The B-2 Stealth Bomber, for example, isn’t necessarily the fastest jet in the world, but it still an icon because of its stealth capabilities.

Meanwhile, the F-22 Raptor made a name for itself by being very good at a wide variety of things.

It is the first operational aircraft to combine supercruise, supermaneuverability and stealth.

Translated, it’s the first supermaneuverable and stealthy supersonic military aircraft that’s actually completed missions.

In aerospace jargon, an aircraft is considered ‘supermaneuverable’ when it can execute tactical, which visually could probably be described as acrobatic, maneuvers.

Built by Lockheed Martin in partnership with Boeing, the F-22 Raptor is relatively new.

It was ‘only’ unveiled in 1996, which makes it recent, when you compare for example to the B-52, which has been in service for 70 (!) years.

The F-22 Raptor runs on a pair of Pratt & Whitney turbofan engines, producing over 70,000 pounds-force of thrust in total.

It’s pretty fast, too, as it is capable of flying at Mach 2 (1,355 mph / 2,414 km/h).

And it is also outrageously expensive.

According to the Governmental Accountability Office, as reported by nationalinterest.org and Reuters, the F-22 program cost $67 billion in total, as of December 2023.

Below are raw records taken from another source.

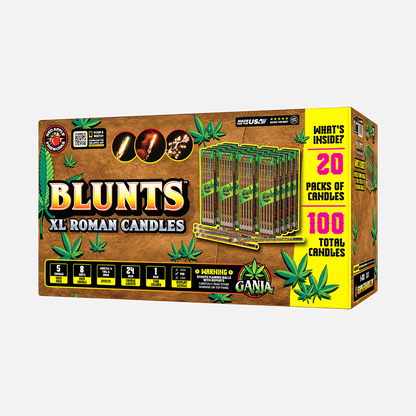 Blunts 8-Shot XL Roman Candle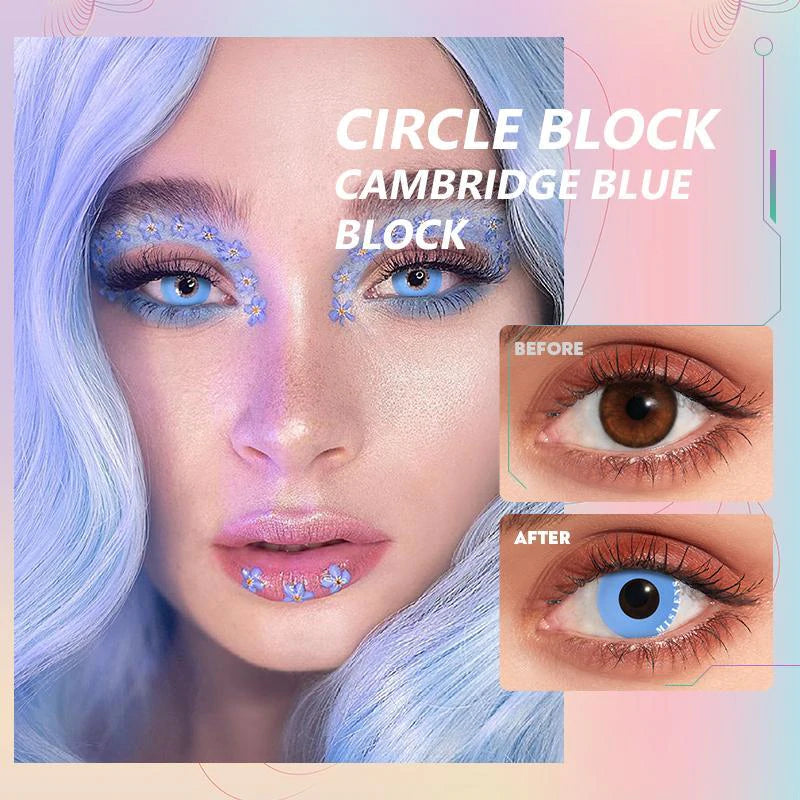 MISLENS/CAMBRIDGE BLUE BLOCK SOFT CONTACT LENSES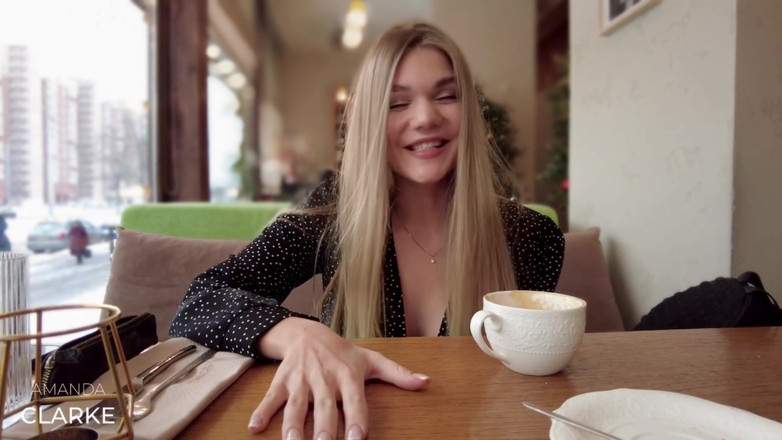 Amanda_Clarke: Làm Cho Tôi Xuất Tinh Trong Nhà Hàng - Làm Tình...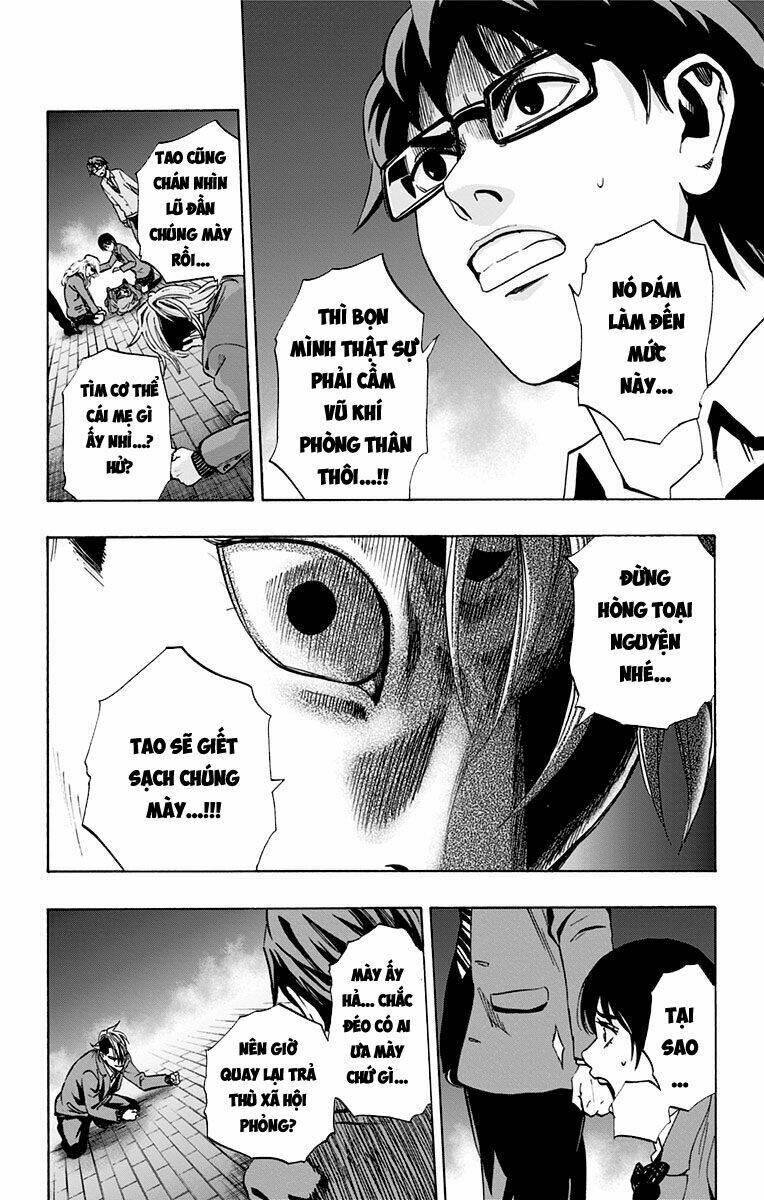 Trò Chơi Tìm Xác – Karada Sagashi Chapter 75 - Trang 2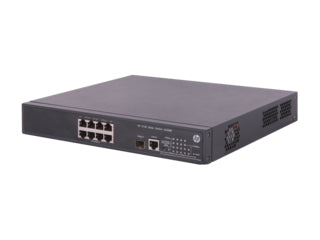 HPE 5120 8G PoE+ (180W) SI Managed L2 Gigabit Ethernet (10/100/1000) Power over Ethernet (PoE) 1U Grey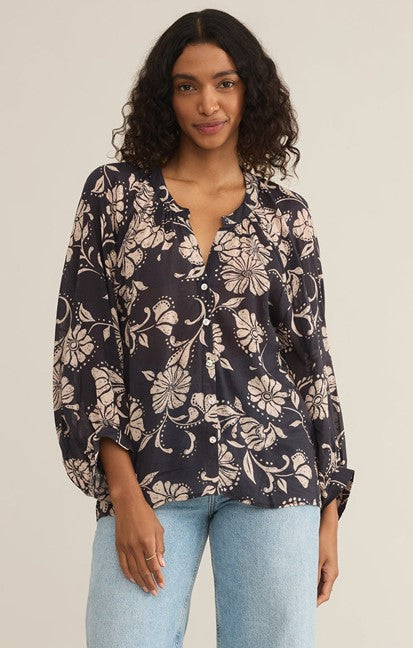 Top - Z Supply Wren Ari Floral Blouse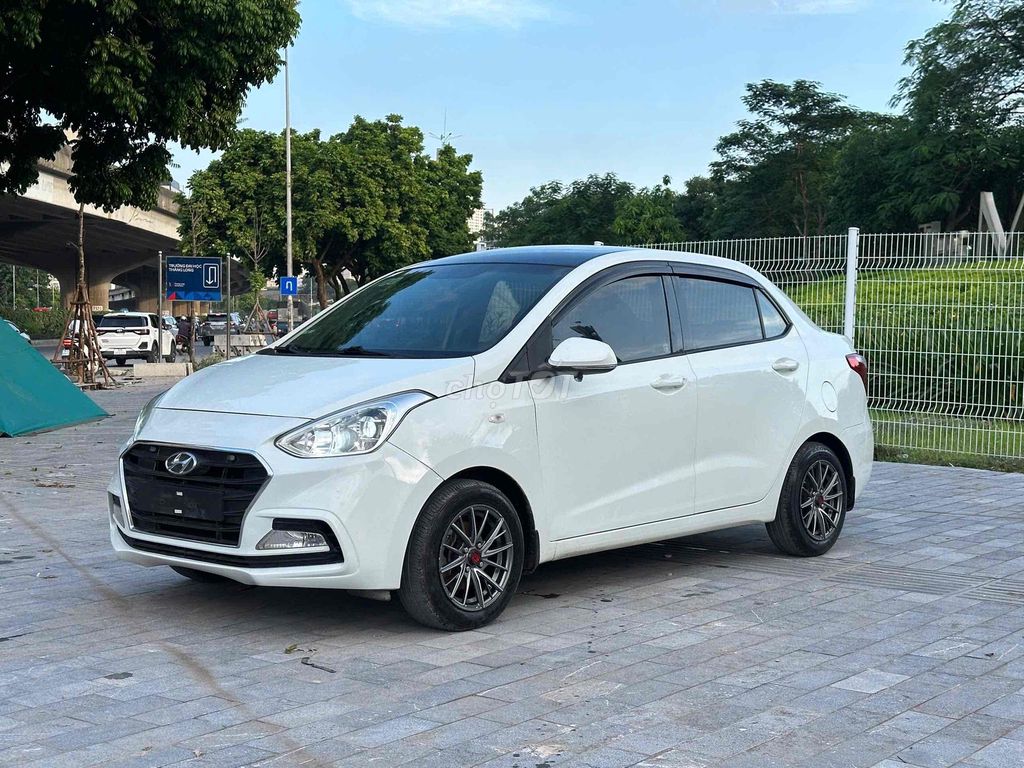 Hyundai Grand i10 2019 1.2 BASE - 120000 km 1 chu. Mua bán Ô tô tại Quận Hoàng Mai Hà Nội được đăng bởi A công hình 3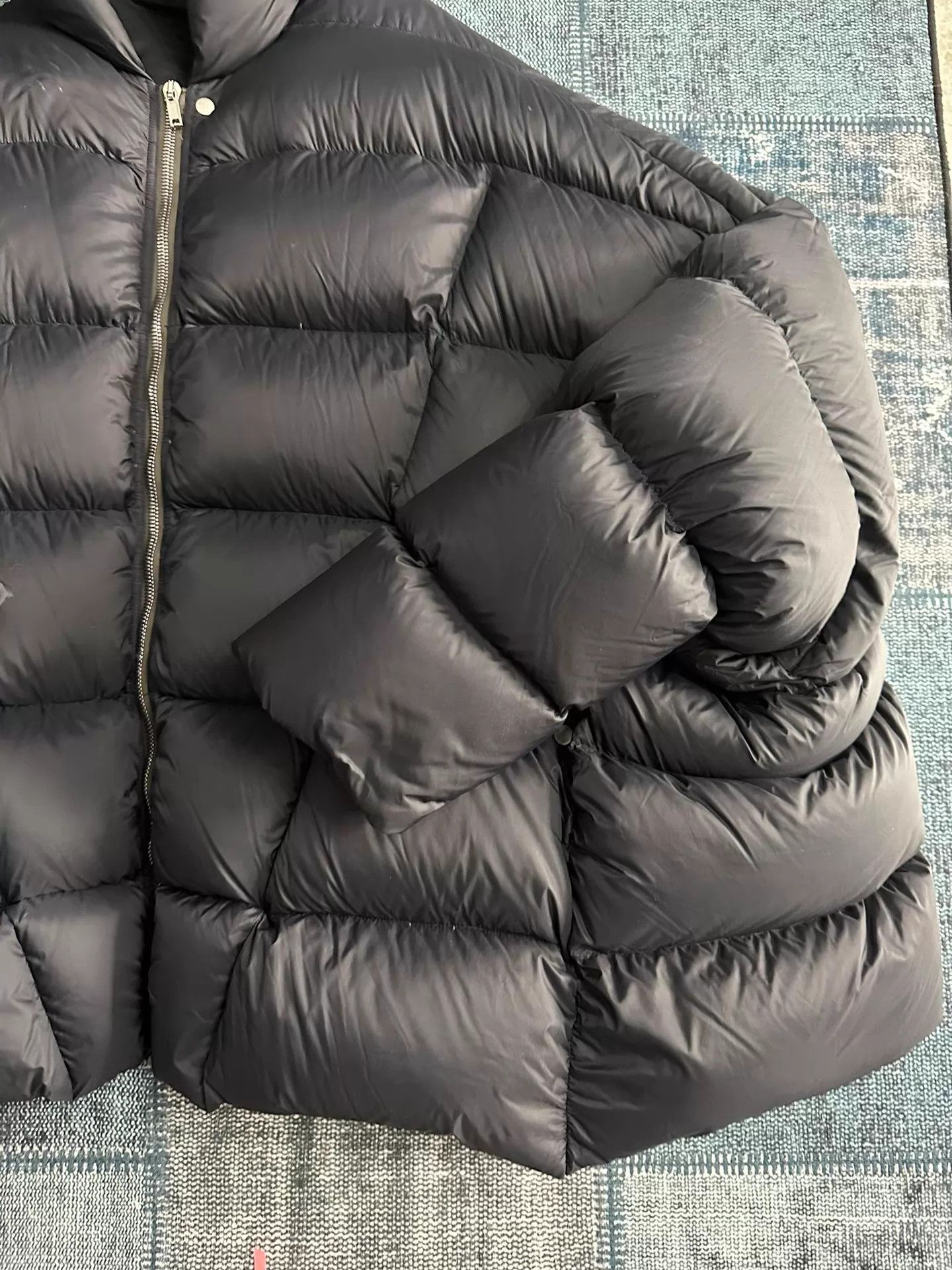 Rick Owens Rick Owens Beetle Oversized Down Jacket 48 Size US M / EU 48-50 / 2 - 4 Thumbnail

That amount includes the cost per plane, around $350 million on average, but it also includes everything else, including training, maintenance and so on.

At the peak, roughly 20 years ago, the F-22 program cost a whopping $5 billion per year, on average.

Lockheed Martin built 195 aircraft in total, including 8 test jets, but the last one was built in 2011.

So that means the cost per year, while still impressive, is trending down.